Bazı okurlarım haklı olarak sormuş “İstanbul sermayesi ve kuklaları ulusalcı değil mi?”, “BDP ile kol kola demeniz çelişkili. Sonuçta BDP Kürt solu, Kürt ulusalcısıdır değil mi?”
Evet, bu zıt kutupları bir araya getiren kesinlikle AK Parti düşmanlıkları, Tayyip Erdoğan kinleridir. Aynı düşmana karşı, aynı öfke ve hınçla savaşıyor olmaları onları yan yana getirmiştir. Çünkü AK Parti’nin yeniden iktidara gelmesi, her iki kesimin de başına kopmuş kıyamettir!
Bakın bu yüzden dünün Öcalan’ı “katil” diye ilan eden, Ahmet Kaya için manşetten “şerefsiz” diyen Doğan Grubu yayın organları, şimdilerde Kürt ulusalcılarına rahmet okutacak şekilde birbirleriyle yarışa girişmiş! Bakın Kılıçdaroğlu’nun yandaşı gazetelere! Siz de en az CHP kadar BDP’nin savunucusu kesildiklerini göreceksiniz! BDP=CHP yağlanırken AK Parti’nin nasıl dağlandığını! Şimdi sormazlar mı adama, hani laikliğin bekçisi, Atatürkçü ilkelerin güvencesiydiniz? Koç’lar, Doğan’lar, BDP ile ittifak kurduktan sonra acaba nasıl bakacaksınız Atatürkçülerin yüzüne? Demek ki CHP tabanının saf Atatürk sevgisini, kendi hırs ve çıkarlarına alet ediyor, tabanlarının hassasiyetleriyle dalga geçiyorlar. Atatürk’ü asıl hiçe sayan bunlar!
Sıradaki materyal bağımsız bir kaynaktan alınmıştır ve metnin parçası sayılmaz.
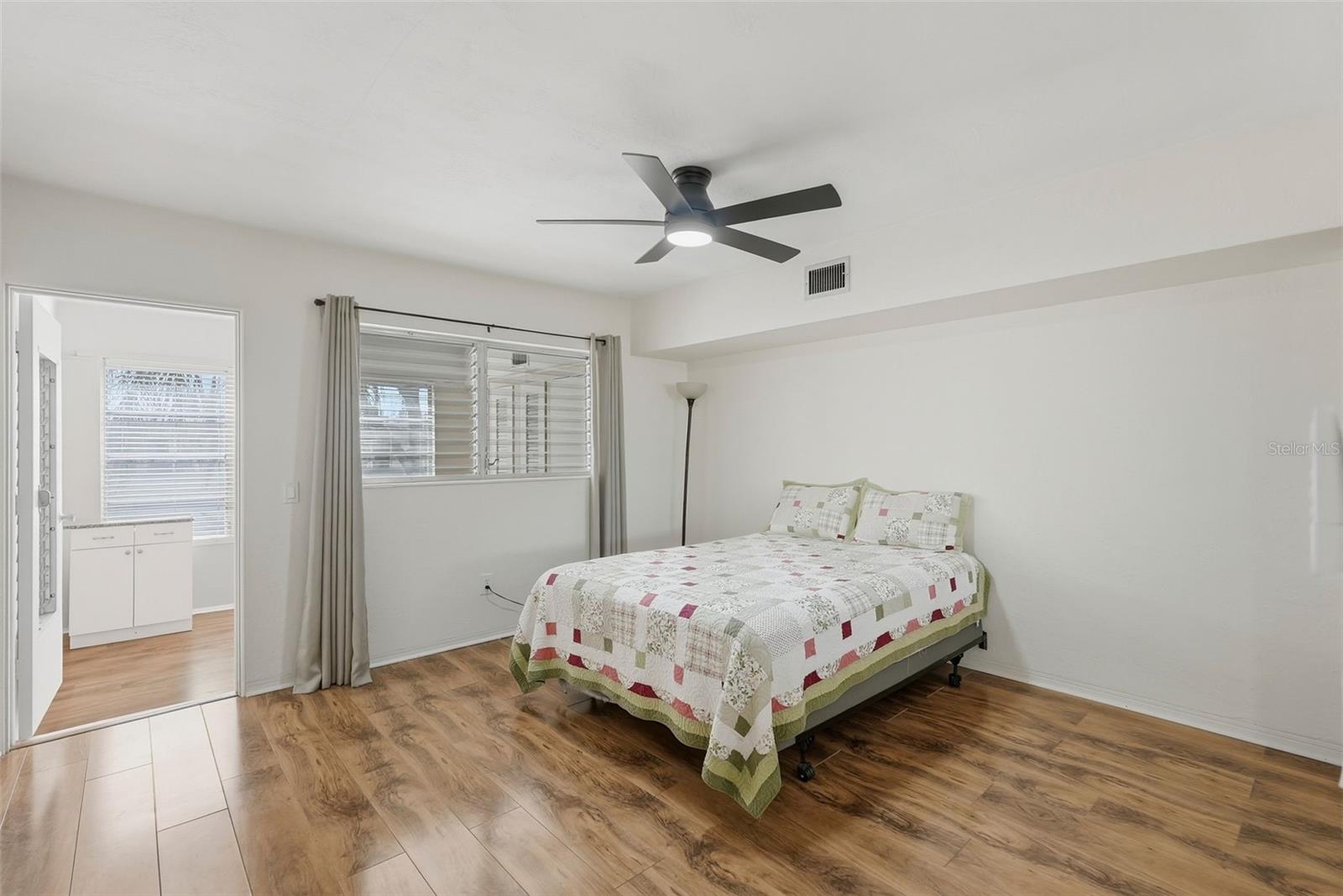 Large bedroom gets the natural light from both sides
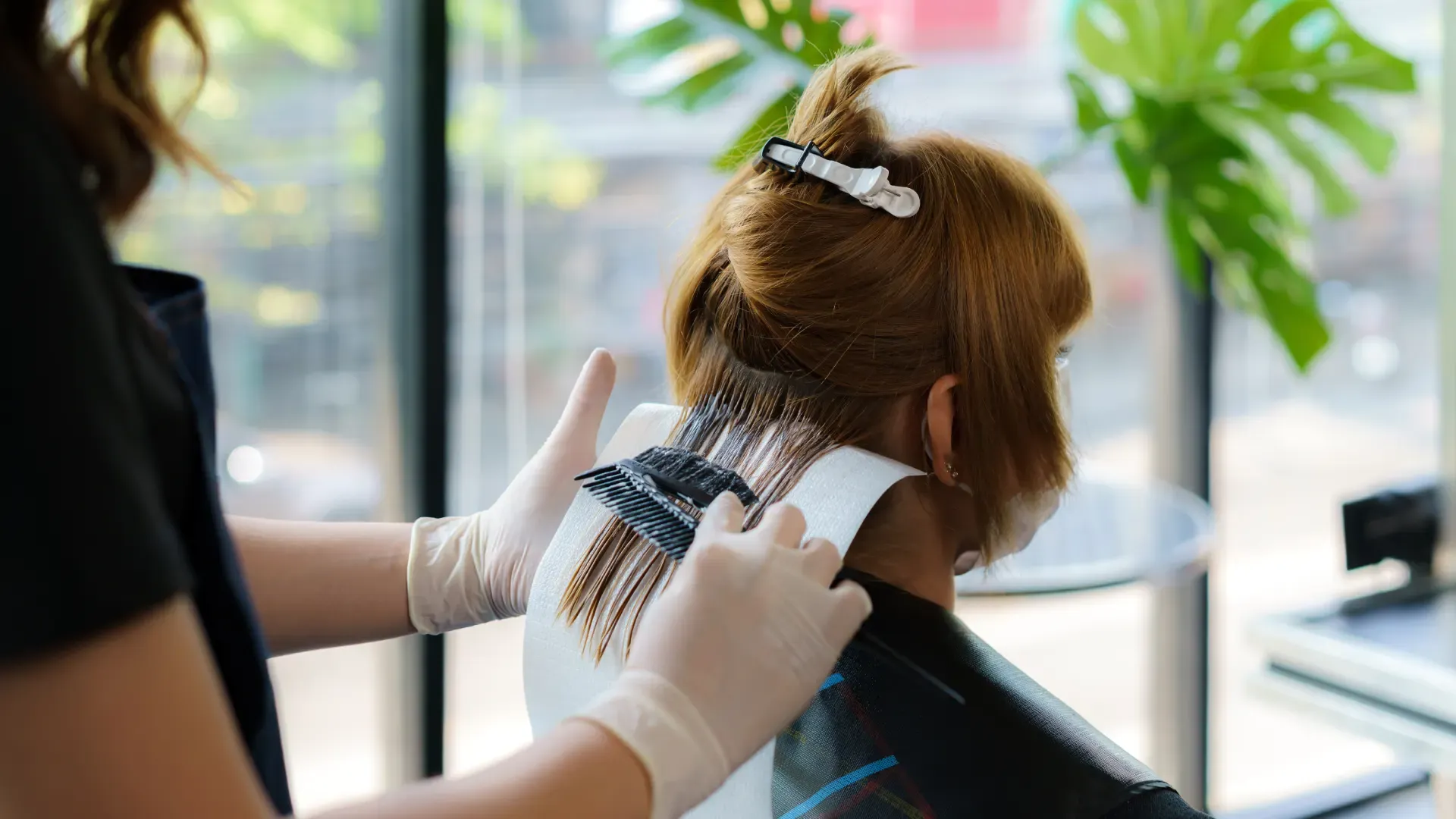 Mulher ruiva tendo seu cabelo pintado em um salão de cabeleireiro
CHP’nin gidişatından rahatsız olan okurlara gelince... Ne diyelim... Parti lideri insanı rezil de eder, vezir de! Allah kimseyi, Kılıçdaroğlu’nun elinde itibarı yerin dibine geçen CHP’lilerin durumuna düşürmesin.

Tayyip Erdoğan’ın dediği oldu. Kılıçdaroğlu sonunda hizaya geldi.
Epeydir kıvranmaya başlamıştı. Bana göre Cemil Çiçek bahaneleri şahane! Geri adım atmak için zaten dünden hazırdı!
Görünüşe bakılırsa vesayet rejimi emri, İstanbul sermayesinin kavliyle Kılıçdaroğlu’nun raf ömrü uzatıldı. Kılıçdaroğlu, böyle bir sonuç karşısında, kılıcını gırç diye karnına saplayıp harakiri yapmalıydı bana göre. Bu sayede kendini bu utançtan, CHP’yi de kendisinden kurtarırdı!
Aksi halde CHP’liler için psikiyatride yeni bir sendrom ortaya çıkacak! Kemaloid travmalar geçiren CHP’liler, “Benim adım Kemal!” cümlesini sayıklaya sayıklaya hastane koğuşlarını dolduracak!